In a couple of years, all laptops will be Surface like and all major mobile
OEMs will offer some kind of Continuum.

------
fffrad
Low sales means last years model is still performing pretty well. In fact, the
model from two years ago is still doing just fine.

Here is a post from two years ago where we discussed this:
[https://news.ycombinator.com/item?id=6606056](https://news.ycombinator.com/item?id=6606056)

------
hbcondo714
If VR picks up, then I would think PC sales would pick up too. To run oculus
rift, you need a high-end PC with dedicated graphics, 3 USB 3.0 ports and
more:

[https://www.oculus.com/en-us/oculus-ready-pcs/](https://www.oculus.com/en-
us/oculus-ready-pcs/)

------
Qantourisc
Personally waiting on AMD Zen ;) And some spare cash for SSD. Then again I
never buy a complete PC.

------
aladine
It is understandable. With the risen trend of phone and tablet. Even some
server can run on clould.

------
xbmcuser
PC sale are at historic high. The form factor for pc has changed to
smartphones and tablets

------
chemmail
Sell computers, can confirm.

------
michaelbuddy
this is obvious to everyone. PC sales were inflated for 2 decades anyway. Most
people never really needed one in their own home in the first place, it was a
luxury for so many. That and it's so easy to knock together a used PC that
will perform fantastically, that techies can drop their old gear onto their
family and they won't need to purchase anything yet again.

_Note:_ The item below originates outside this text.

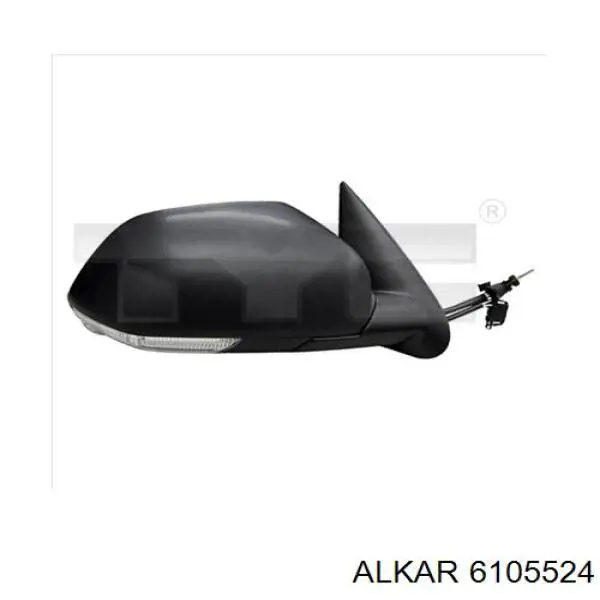 Do koszyka 6105524 Alkar Lusterko wsteczne lewe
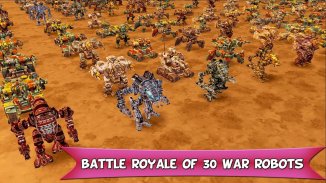 RoboRoyale : Battle Royale Of War Robots screenshot 2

As long as people can internet, print, file taxes, write and open documents
from their PTO, that's all the vast population ever needed. iPads and other
Tablets do nearly all that and give people an easier library of utilities and
games to tool around with than they ever had on a PC. Not only that but the
phones and tablets hold and take the digital photos for people. People can
share faster than they ever could on a PC using their phone. They have access
to graphics software they never understood on a PC.

But PCs will continue to innovate. Especially the laptop form factor that can
dock with a high powered video card.